INPUT DATA:
'''

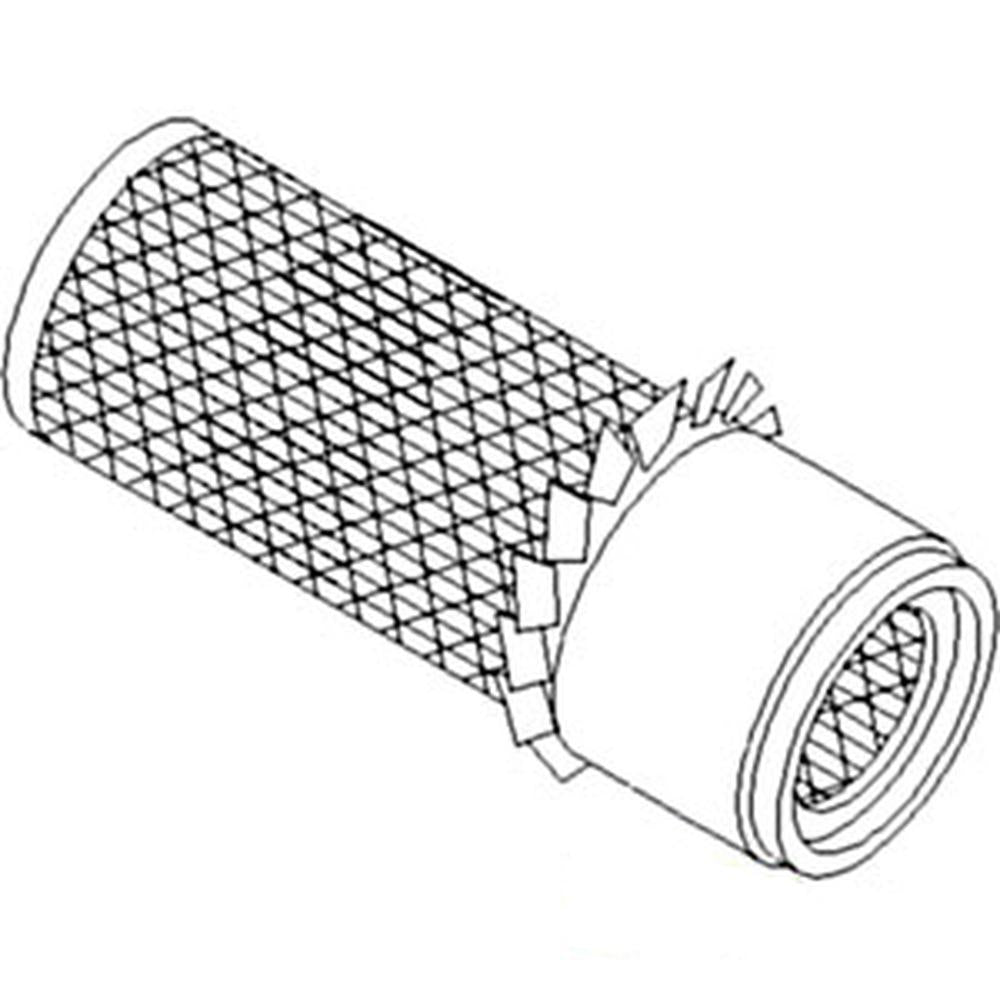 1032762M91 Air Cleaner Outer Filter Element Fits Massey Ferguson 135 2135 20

'''
'''

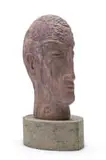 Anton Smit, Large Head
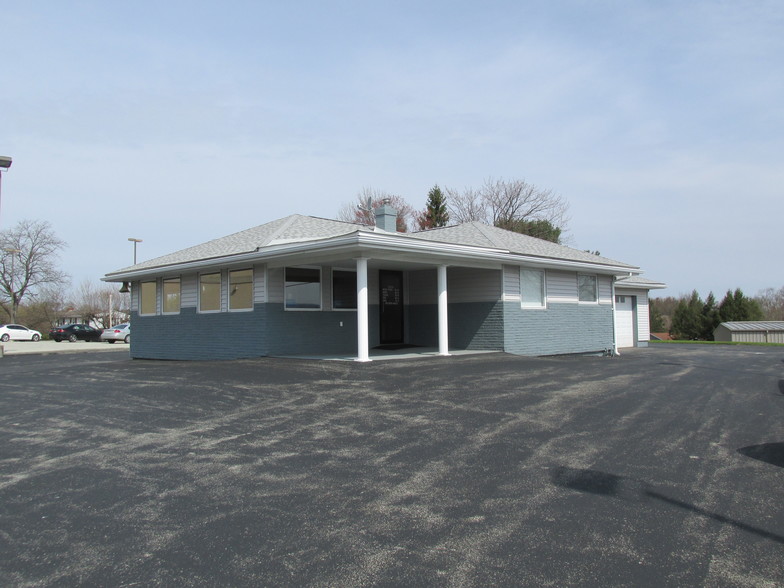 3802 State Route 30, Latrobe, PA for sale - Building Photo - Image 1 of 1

'''

Look above for the line with "Anton Smit, Large Head", then print it and each line after it down to and including the line with "3802 State Route". Leave out the pictures and keep the wording exact.

WRITTEN ANSWER:
 Anton Smit, Large Head
 3802 State Route 30, Latrobe, PA for sale - Building Photo - Image 1 of 1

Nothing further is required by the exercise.